Exercise instructions:
Only the lines from the one containing "QQ20260527-195821.jpg" through the end of the listing belong in the answer, repeated exactly, with no pictures.

### Dataset section

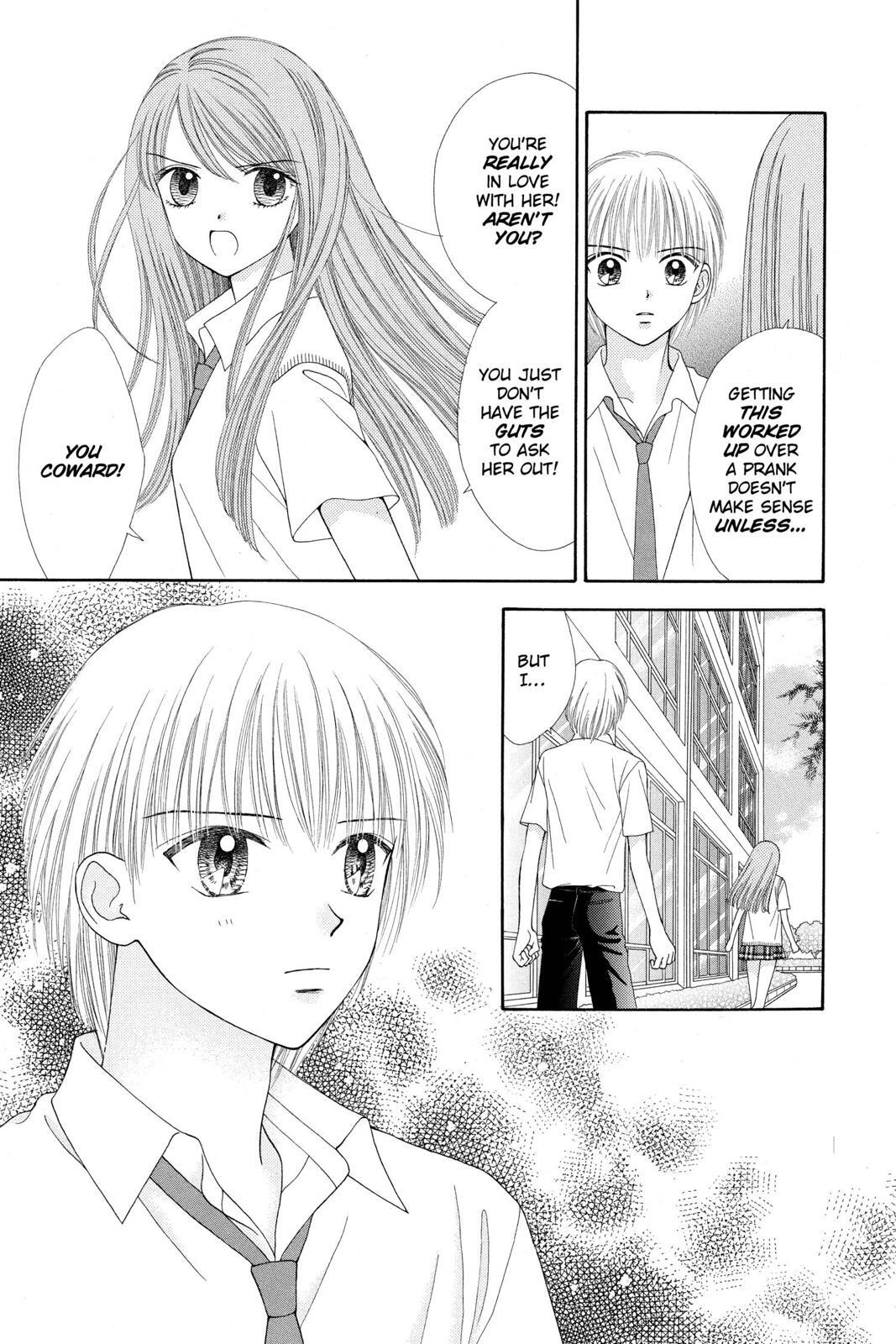 Read Ultra Maniac Manga Online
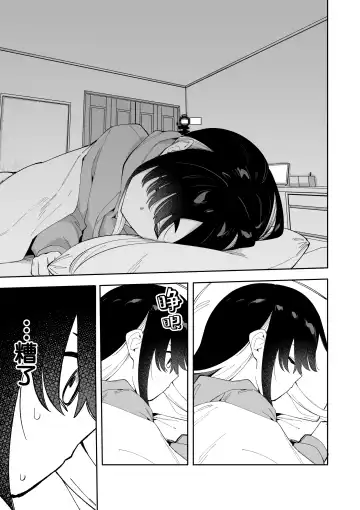 [Shobu] Jiko Bukken de Nan-nichi Sugoshitara Yuurei ni Deaeru!? Isshuukan Challenge Fhentai - Page 7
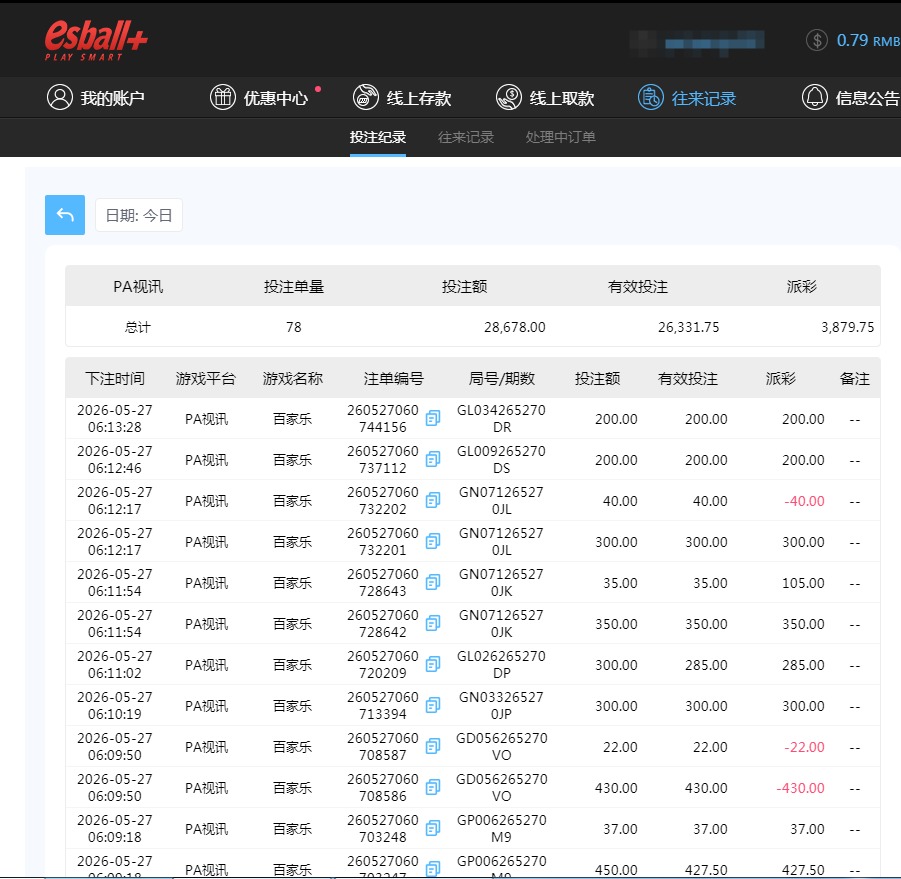 QQ20260527-195821.jpg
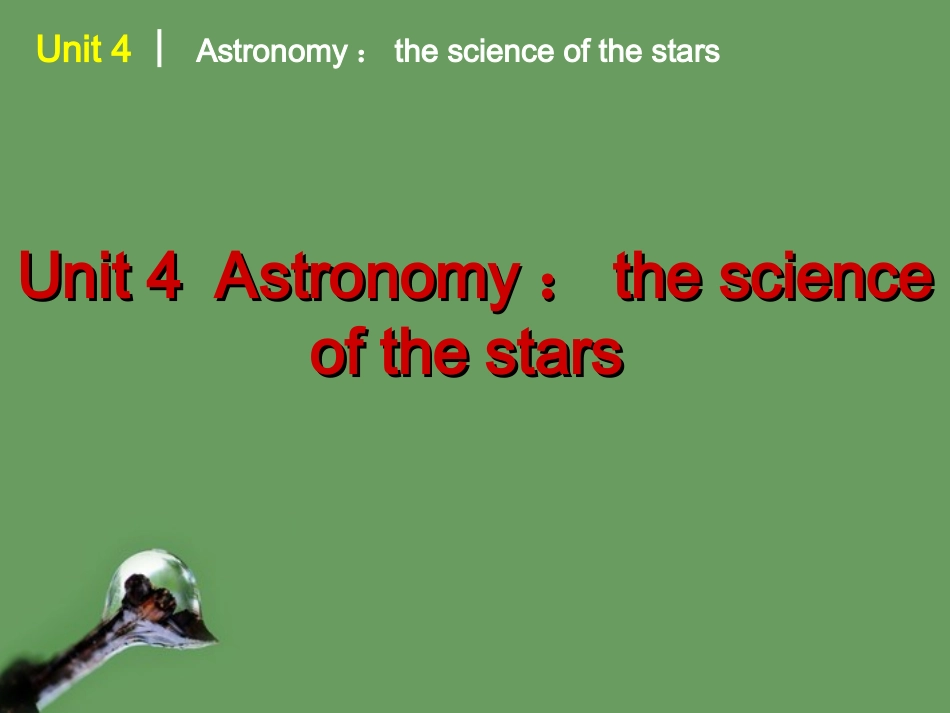 高考英语 第4讲_Unit_4__Astronomy：the_science_of_the_stars课件 新人教版必修3 课件_第1页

######

Result of this exercise:
 QQ20260527-195821.jpg
 高考英语 第4讲_Unit_4__Astronomy：the_science_of_the_stars课件 新人教版必修3 课件_第1页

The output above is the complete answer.